When this happens, it appears that one of the workers fails but the rest of the workers continue to run. How would I be able to configure the app to be able to recover itself completely from the last successful checkpoint when this happens?
‐‐‐‐‐‐‐ Original Message ‐‐‐‐‐‐‐
On Monday, December 3, 2018 11:02 AM, Flink Developer <
[hidden email]> wrote:
I have a Flink app on 1.5.2 which sources data from Kafka topic (400 partitions) and runs with 400 parallelism. The sink uses bucketing sink to S3 with rocks db. Checkpoint interval is 2 min and checkpoint timeout is 2 min.
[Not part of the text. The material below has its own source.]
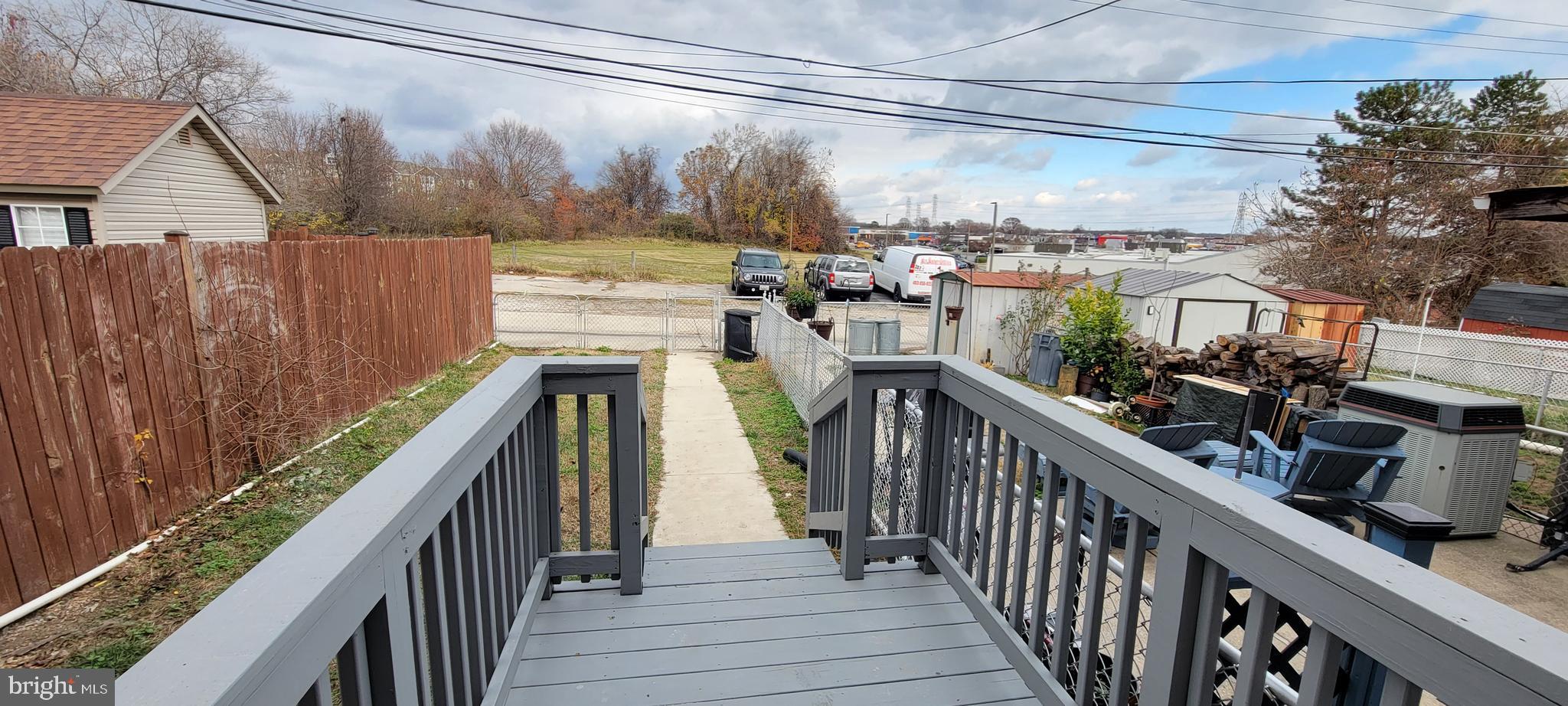 MERRITT HOMES - Residential Lease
Checkpoint size is a few mb. After execution for a few days, I see:
Org.apache.flink.runtime.executiongraph.ExecutionGraph - Error in failover strategy - falling back to global restart
Java.lang.ClassCastException: com.amazonaws.services.s3.model.AmazonS3Exception cannot be cast to com.amazonaws.AmazonClientException
At org.apache.hadoop.fs.s3a.AWSClientIOException.getCause(AWSClientIOException.java:42)
At org.apache.flink.util.SerializedThrowable
At org.apache.flink.runtime.executiongraph.ExecutionGraph.notifyJobStatus()
At org.apache.flink.runtime.rpc.akka.AkkaRpcActor.handleRpcInvocation(AkkaRpcActor.java:247)
At akka.dispatch.Mailbox.exec(Mailbox.scala:234)
What causes the exception and why is the Flink job unable to recover? It states failing back to globsl restart? How can this be configured to recover properly? Is the checkloche interval/timeout too low? The Flink job's configuration shows Restart with fixed delay (0ms) #2147483647 restart attempts.